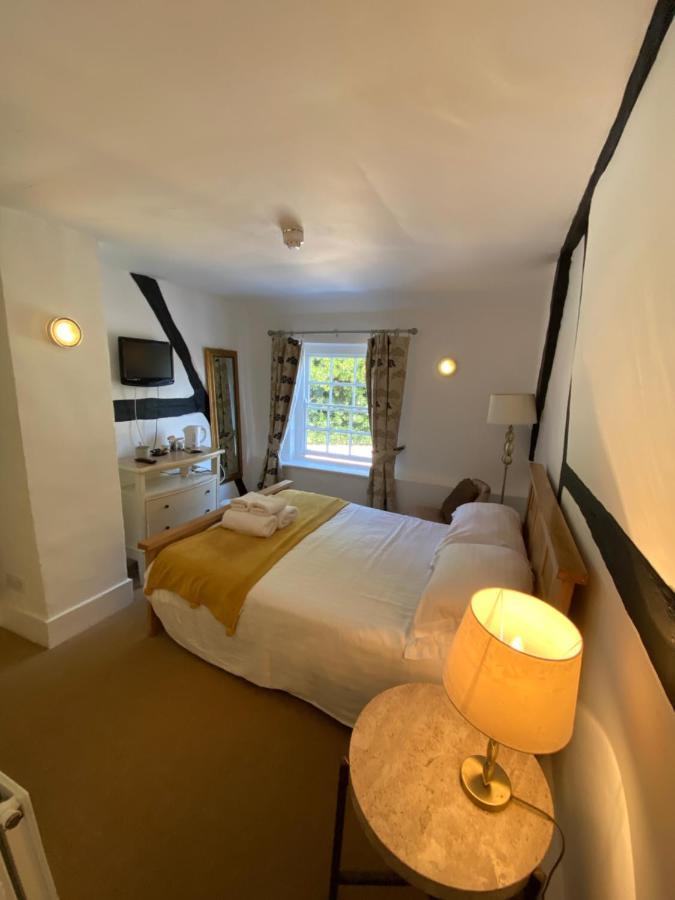 The Fleur De Lys Hotel Dorchester-on-Thames Ngoại thất bức ảnh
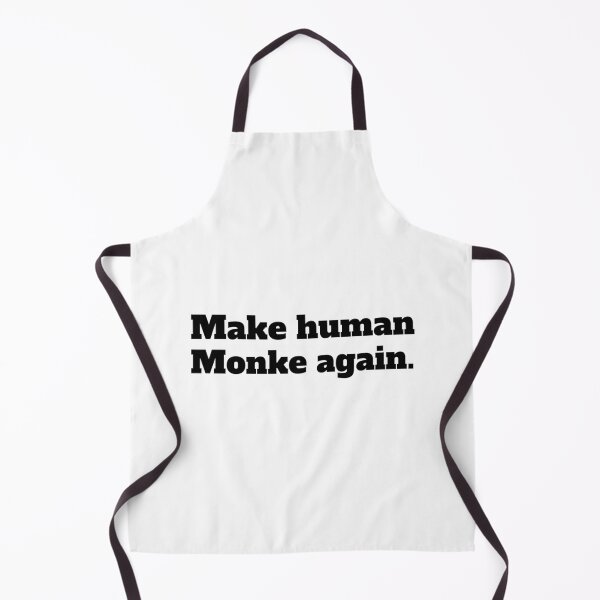 Item preview, Make human Monke again designed and sold by CocoAndMore.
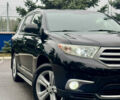 Чорний Тойота Хайлендер, об'ємом двигуна 3.46 л та пробігом 165 тис. км за 15555 $, фото 53 на Automoto.ua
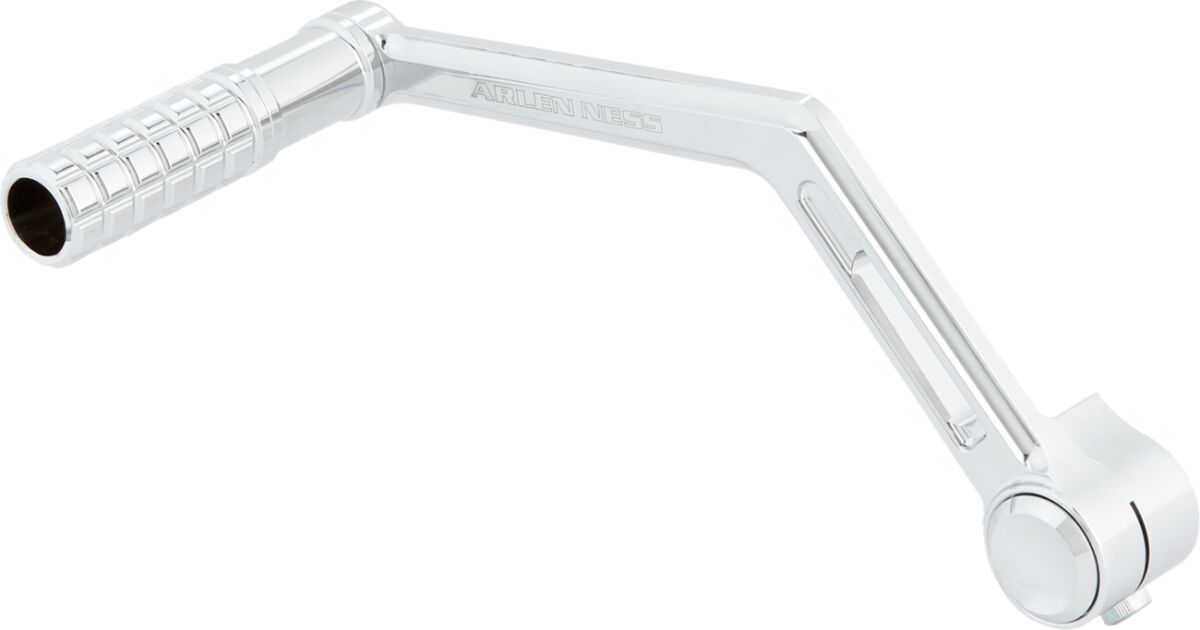 Speedliner Shift Arm, Chrome - 18+ Softail Shift Arm Arlen Ness Default Title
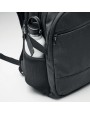 4DO Laptop-Rucksack 600D RPET Taschen personalisierbar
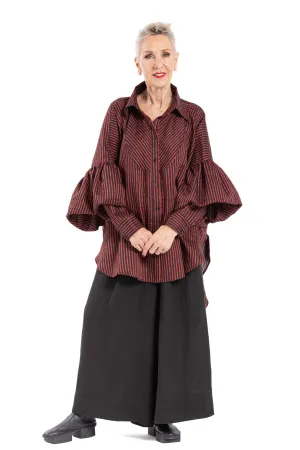 HELENA GATHER SHIRT RS
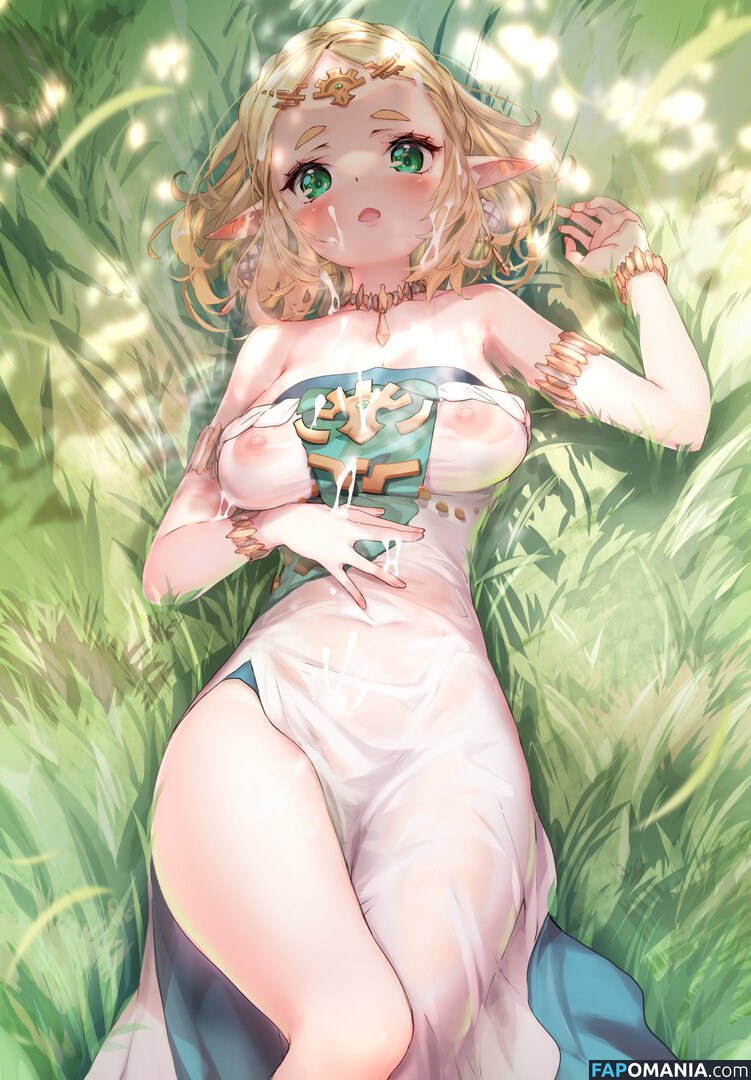LegendZelda / princxsszelda / zeldanintendo Naakt OnlyFans  Gelekte foto #417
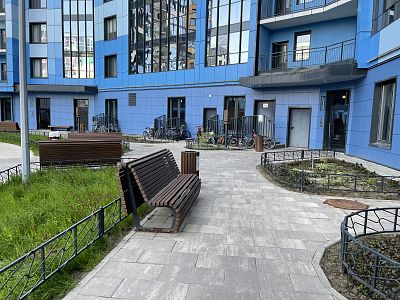 Купить квартиру г Санкт-Петербург, Вилькицкий б-р, д 7 11700000 рублей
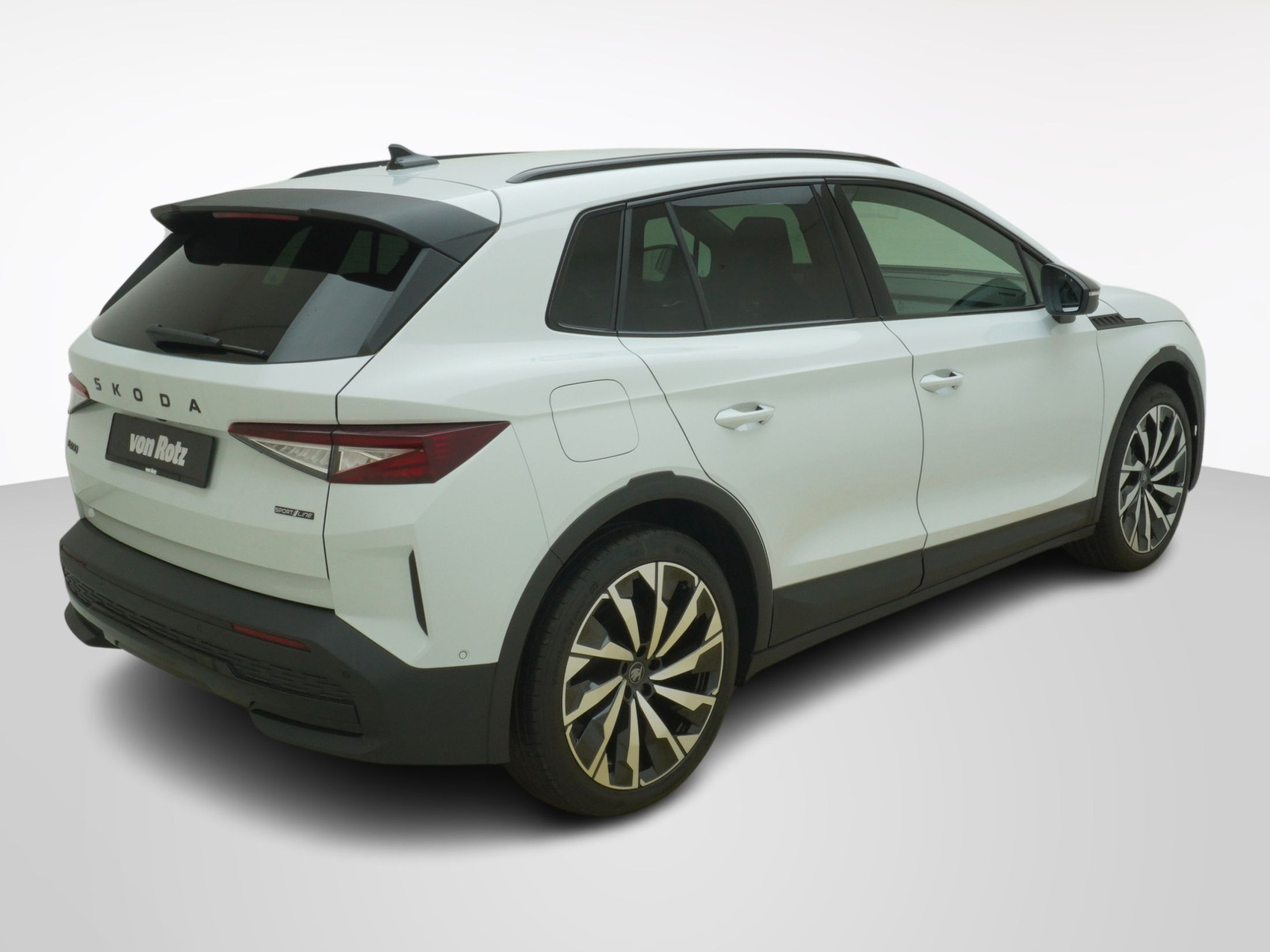 SKODA Elroq 85 SportLine MAXX 4×4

------------------------------------

ABOUT THIS TASK -
An exact repeat of all the data is required, pictures excluded.

PROBLEM SOLUTION -
 The Fleur De Lys Hotel Dorchester-on-Thames Ngoại thất bức ảnh
 Item preview, Make human Monke again designed and sold by CocoAndMore.
 Чорний Тойота Хайлендер, об'ємом двигуна 3.46 л та пробігом 165 тис. км за 15555 $, фото 53 на Automoto.ua
 Speedliner Shift Arm, Chrome - 18+ Softail Shift Arm Arlen Ness Default Title
 4DO Laptop-Rucksack 600D RPET Taschen personalisierbar
 HELENA GATHER SHIRT RS
LegendZelda / princxsszelda / zeldanintendo Naakt OnlyFans  Gelekte foto #417
 Купить квартиру г Санкт-Петербург, Вилькицкий б-р, д 7 11700000 рублей
 SKODA Elroq 85 SportLine MAXX 4×4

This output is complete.